Rather than seek to grow these experts organically, Israel said the Air Force should hire trained industry experts directly and insert them at the appropriate levels of command.
“If we can bring on doctors with special skills into the DOD workforce, we should be able to bring on highly qualified, commercially trained EMSO experts and give them an appropriate … rating commensurate with their expertise and training,” he wrote.
Without spectrum superiority, it won’t be possible to achieve the dominance promised by joint all-domain command and control, Israel said.
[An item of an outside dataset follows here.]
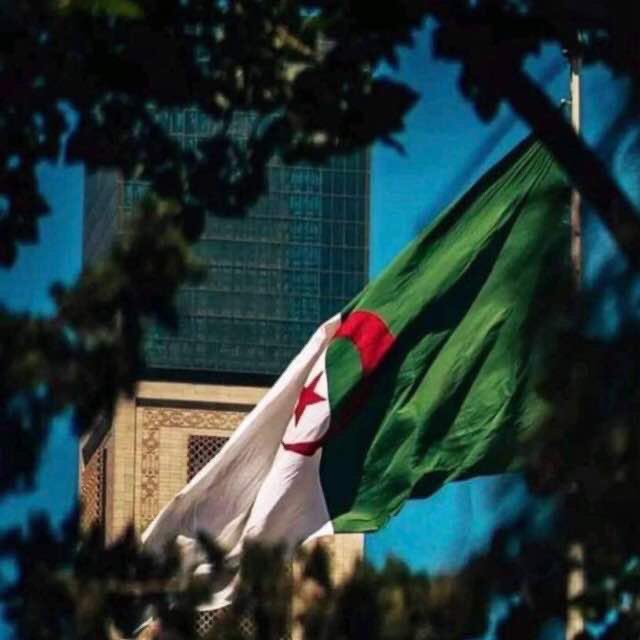 أول صلاة جمعة في جامع الجزائر..وصلاة التراويح في شهر رمضان ستكون “وفق رواية ورش عن الإمام نافع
Hinote agreed. In his remarks to the Old Crows, Hinote said that without a fully integrated force, with all domains connected and working together, wargames show clearly that “it’s not pretty. …We lose.” With the passage of time, “we see an increasing trend where we don’t accomplish the objectives. And in fact, we lose faster,” without joint all-domain command and control. “That’s not a place any of us want to be.”
A simple way to look at it is that “if you have vulnerability in one domain, you can use strength in another” to compensate, he said. When broad networking is added to wargames, “then we actually did pretty well against the most advanced threats out there.” But there’s a “lot of work to do” to bring the domains together and eliminate stovepipe thinking and action. The longer the U.S. waits to truly implement it, the more adversaries will exploit “the investments they have made in tearing apart and fracturing the United States military command and control.”
Hinote also said a sea change is underway in how to conduct electronic warfare. The old method where there were “libraries” of threats and how best to respond to each of them “may not help us in the way they helped us in the past.” It will take AI and machine learning to rapidly assess and respond to threats.
“You’re going to see your worthy rival … change their force presentation in the electromagnetic spectrum pretty quickly. And that’s going to require us to be agile.”
Hinote’s upbeat about the future of EMSO, saying, “I actually think we compete pretty well. … And we certainly do not want a fight. We want to deter and protect our interests and those of our partners and allies.”
In a shooting war with China, “nobody wins,” Hinote admonished. So, “it’s important that we do things that help us accomplish our strategy on the strategic defense” and recognize that using the EMS “to support defense in all domains is really, really critical, and good for deterrence.”
It’s an arena where “there’s been … erosion over time and we need to build back, over time, but we need to build immediate capabilities today,” he stated.